Y sí, se fue un maestro en el Día del Maestro. Este martes pasado murió un cantante extraordinario: Horacio Molina. Tenía lo que también a su manera tuvieron Elvis Presley y Frank Sinatra, era un compositor que no necesitaba componer, simplemente se apropiaba de las canciones. Flor de lino. La escucho una y otra vez en la voz de Molina y se parece bastante a un pedazo de eternidad, esa palabra que podemos decir desde el lenguaje pero no podemos concebir en la mente de forma total.
Así que Molina era mortal. En el slang de mi barrio, decir que algo era “mortal” significaba que era genial. “¿Escuchaste a Hendrix”, me decía algún amigo: “Es mortal”. Horacio Molina nació en Almagro y le gustaba contar que algunas tardes se escuchaba llegar el gol desde el teatro de cámara del Gasómetro hasta su casa. Se dedicó a cantar boleros, bossa nova y tango. Y a todo le imprimió un sincretismo personal. Sus tangos, que supongo los tangueros duros repudiarían, para mí son inolvidables (me acuerdo la cara de mi viejo cuando escuchó a Caetano Veloso cantando Mano a mano).

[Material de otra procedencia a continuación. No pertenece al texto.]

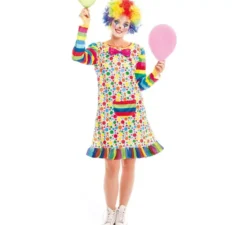 Costume da Clown multicolor a pois per donna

Sobre Molina, Federico Monjeau –un crack– escribió: “El tango es tratado casi con el ascetismo de la canción de cámara y, al mismo tiempo, con la desafectación más completa: el fraseo está orientado por el sentido melódico más puro, es como un cantor devocionalmente melódico que intrepreta con una desusada desenvoltura estilística”. Barrio de Belgrano, Grisel, Niebla del Riachuelo, Yuyo verde, Rubí, Romance de barrio, Naranjo en flor, en fin, un collar de cuentas hecho con la sensibilidad única de un orfebre hermoso.
Tuve la suerte de entrevistarlo. Simplemente quería conocerlo. Era un hombre delgado, elegante, al que me imagino, no sé por qué, siempre cantando de noche. Es en la noche cuando la voz de Molina da consuelo y emoción. La noche tiene algo moral que hace que la gente que la transita de manera elegante se vuelva impecable. Así que, de pie: el caballero de la noche asciende.